**Task instructions**
Could you copy, exactly as written, every line from the first line of the records through the one containing "2019 Kia Forte"?

Short web captions
::::
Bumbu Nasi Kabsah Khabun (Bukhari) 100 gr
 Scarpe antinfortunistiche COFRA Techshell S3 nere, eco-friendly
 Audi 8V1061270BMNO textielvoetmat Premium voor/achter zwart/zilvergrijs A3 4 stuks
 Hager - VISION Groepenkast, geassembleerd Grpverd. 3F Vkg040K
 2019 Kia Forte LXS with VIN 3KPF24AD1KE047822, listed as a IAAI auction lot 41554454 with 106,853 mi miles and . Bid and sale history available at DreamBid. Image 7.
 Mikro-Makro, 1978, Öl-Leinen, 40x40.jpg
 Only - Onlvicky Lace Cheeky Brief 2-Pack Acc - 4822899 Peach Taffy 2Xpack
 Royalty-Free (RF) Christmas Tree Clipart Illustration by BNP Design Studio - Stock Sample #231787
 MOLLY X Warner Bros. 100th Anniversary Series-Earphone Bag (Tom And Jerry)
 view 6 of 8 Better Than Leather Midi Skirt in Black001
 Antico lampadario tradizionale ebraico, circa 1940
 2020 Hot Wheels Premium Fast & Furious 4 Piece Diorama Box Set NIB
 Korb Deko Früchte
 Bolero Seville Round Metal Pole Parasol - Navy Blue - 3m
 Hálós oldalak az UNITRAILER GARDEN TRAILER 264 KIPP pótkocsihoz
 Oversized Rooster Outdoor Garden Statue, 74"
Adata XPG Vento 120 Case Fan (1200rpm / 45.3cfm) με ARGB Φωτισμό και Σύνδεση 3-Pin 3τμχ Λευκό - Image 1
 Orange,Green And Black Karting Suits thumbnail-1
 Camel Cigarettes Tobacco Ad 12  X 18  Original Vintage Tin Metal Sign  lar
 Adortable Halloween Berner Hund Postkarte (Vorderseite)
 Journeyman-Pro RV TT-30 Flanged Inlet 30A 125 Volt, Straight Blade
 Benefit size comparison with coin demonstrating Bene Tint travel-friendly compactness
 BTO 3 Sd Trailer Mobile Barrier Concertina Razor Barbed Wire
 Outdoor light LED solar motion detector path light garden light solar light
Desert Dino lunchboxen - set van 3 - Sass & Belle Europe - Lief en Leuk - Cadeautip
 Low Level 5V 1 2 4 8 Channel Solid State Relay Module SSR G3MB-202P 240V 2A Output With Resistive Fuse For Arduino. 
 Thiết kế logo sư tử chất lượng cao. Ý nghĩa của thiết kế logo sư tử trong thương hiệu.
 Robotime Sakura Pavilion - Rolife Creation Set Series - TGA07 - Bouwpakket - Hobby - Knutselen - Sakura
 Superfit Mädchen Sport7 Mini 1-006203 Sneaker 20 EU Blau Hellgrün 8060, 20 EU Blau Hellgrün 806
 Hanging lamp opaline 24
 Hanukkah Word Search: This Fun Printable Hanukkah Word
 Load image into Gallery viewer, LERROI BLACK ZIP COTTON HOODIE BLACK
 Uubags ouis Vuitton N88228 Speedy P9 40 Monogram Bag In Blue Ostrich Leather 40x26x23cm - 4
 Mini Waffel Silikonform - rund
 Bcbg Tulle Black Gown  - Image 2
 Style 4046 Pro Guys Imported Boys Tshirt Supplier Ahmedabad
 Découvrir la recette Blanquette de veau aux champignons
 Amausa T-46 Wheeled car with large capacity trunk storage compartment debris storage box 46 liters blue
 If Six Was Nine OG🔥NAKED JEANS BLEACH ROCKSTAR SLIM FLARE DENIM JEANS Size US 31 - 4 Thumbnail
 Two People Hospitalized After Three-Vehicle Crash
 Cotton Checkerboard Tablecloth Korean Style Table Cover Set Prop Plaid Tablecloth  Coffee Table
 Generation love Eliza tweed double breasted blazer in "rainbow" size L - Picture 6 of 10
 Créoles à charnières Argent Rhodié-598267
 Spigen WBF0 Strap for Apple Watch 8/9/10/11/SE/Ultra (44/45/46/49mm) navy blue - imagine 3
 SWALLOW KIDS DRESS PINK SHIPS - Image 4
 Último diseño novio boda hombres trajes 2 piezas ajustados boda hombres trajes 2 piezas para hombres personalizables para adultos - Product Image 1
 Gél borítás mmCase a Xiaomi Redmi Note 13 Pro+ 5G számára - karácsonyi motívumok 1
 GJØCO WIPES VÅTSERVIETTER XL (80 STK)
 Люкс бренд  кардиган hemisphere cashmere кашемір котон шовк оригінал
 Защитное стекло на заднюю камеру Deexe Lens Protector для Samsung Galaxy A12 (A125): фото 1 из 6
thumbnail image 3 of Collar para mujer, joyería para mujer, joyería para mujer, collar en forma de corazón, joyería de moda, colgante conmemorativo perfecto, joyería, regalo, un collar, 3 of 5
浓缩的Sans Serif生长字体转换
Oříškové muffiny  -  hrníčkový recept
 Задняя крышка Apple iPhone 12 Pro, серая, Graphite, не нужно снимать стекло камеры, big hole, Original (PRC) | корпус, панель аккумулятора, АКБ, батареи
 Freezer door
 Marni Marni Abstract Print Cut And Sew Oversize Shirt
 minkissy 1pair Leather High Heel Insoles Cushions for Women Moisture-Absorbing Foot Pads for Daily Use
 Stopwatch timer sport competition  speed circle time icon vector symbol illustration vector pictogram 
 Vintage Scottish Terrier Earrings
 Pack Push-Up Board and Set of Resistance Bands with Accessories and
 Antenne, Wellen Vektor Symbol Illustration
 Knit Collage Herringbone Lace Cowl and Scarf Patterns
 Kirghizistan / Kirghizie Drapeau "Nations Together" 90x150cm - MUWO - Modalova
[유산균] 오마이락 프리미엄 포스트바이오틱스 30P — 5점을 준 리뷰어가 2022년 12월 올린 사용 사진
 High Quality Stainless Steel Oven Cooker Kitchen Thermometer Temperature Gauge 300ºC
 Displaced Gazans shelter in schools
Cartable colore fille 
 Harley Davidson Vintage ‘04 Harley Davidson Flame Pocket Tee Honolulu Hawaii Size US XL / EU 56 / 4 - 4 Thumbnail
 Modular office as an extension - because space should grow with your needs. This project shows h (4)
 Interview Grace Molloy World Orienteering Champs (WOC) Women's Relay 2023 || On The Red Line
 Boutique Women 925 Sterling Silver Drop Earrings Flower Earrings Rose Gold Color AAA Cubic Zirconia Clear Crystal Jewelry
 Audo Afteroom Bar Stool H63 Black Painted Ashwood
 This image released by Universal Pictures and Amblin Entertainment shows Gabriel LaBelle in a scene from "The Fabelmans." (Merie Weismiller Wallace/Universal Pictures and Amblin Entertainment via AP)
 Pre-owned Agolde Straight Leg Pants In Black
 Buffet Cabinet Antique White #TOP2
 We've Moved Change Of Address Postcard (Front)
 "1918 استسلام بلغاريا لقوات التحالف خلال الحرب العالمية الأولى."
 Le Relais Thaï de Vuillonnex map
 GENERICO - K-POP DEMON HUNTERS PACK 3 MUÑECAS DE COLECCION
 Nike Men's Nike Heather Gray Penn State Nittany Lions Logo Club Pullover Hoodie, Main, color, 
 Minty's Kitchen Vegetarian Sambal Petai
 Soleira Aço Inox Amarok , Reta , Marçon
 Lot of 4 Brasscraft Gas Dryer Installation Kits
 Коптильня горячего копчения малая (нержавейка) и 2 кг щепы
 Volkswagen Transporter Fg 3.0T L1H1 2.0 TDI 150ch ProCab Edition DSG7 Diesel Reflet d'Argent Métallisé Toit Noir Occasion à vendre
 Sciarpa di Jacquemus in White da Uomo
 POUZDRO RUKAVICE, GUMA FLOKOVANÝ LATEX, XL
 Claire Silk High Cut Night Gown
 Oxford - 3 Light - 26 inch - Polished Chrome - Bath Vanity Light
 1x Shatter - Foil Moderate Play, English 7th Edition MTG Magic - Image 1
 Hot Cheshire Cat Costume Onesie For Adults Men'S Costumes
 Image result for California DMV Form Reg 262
::::
**Answer box**
Bumbu Nasi Kabsah Khabun (Bukhari) 100 gr
 Scarpe antinfortunistiche COFRA Techshell S3 nere, eco-friendly
 Audi 8V1061270BMNO textielvoetmat Premium voor/achter zwart/zilvergrijs A3 4 stuks
 Hager - VISION Groepenkast, geassembleerd Grpverd. 3F Vkg040K
 2019 Kia Forte LXS with VIN 3KPF24AD1KE047822, listed as a IAAI auction lot 41554454 with 106,853 mi miles and . Bid and sale history available at DreamBid. Image 7.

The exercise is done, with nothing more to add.